_Data_:
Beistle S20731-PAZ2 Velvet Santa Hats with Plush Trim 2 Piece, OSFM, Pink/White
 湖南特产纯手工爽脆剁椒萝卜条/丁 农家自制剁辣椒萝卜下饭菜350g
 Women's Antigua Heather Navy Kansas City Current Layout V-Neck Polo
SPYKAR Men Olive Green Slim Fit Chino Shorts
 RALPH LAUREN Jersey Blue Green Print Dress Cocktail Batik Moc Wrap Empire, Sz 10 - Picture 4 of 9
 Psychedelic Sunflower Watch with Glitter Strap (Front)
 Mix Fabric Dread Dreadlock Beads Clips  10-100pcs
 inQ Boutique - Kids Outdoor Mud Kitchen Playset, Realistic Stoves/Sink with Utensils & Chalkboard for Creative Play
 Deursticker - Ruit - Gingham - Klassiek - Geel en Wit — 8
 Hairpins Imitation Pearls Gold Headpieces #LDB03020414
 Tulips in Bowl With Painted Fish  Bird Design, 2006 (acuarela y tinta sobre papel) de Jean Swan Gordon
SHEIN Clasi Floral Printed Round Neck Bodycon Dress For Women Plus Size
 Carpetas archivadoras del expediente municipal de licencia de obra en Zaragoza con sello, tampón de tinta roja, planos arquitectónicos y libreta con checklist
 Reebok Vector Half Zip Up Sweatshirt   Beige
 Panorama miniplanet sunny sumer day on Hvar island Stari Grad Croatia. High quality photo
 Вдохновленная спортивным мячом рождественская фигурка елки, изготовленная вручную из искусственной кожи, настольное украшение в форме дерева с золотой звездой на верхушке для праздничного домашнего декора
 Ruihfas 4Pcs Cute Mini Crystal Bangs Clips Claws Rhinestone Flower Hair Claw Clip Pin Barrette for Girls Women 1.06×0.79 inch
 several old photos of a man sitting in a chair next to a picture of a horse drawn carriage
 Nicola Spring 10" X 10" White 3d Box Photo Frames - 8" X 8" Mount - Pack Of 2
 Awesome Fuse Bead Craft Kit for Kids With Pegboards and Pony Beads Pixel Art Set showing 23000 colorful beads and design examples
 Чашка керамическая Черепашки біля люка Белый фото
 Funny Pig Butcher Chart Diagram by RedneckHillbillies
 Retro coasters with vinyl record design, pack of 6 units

_Problem_: Only one part of the material above is to be transcribed, namely the lines starting with the line that has "inQ Boutique - Kids" and going on through the line that has "SHEIN Clasi Floral", exactly as they stand.

_Written solution_:
 inQ Boutique - Kids Outdoor Mud Kitchen Playset, Realistic Stoves/Sink with Utensils & Chalkboard for Creative Play
 Deursticker - Ruit - Gingham - Klassiek - Geel en Wit — 8
 Hairpins Imitation Pearls Gold Headpieces #LDB03020414
 Tulips in Bowl With Painted Fish  Bird Design, 2006 (acuarela y tinta sobre papel) de Jean Swan Gordon
SHEIN Clasi Floral Printed Round Neck Bodycon Dress For Women Plus Size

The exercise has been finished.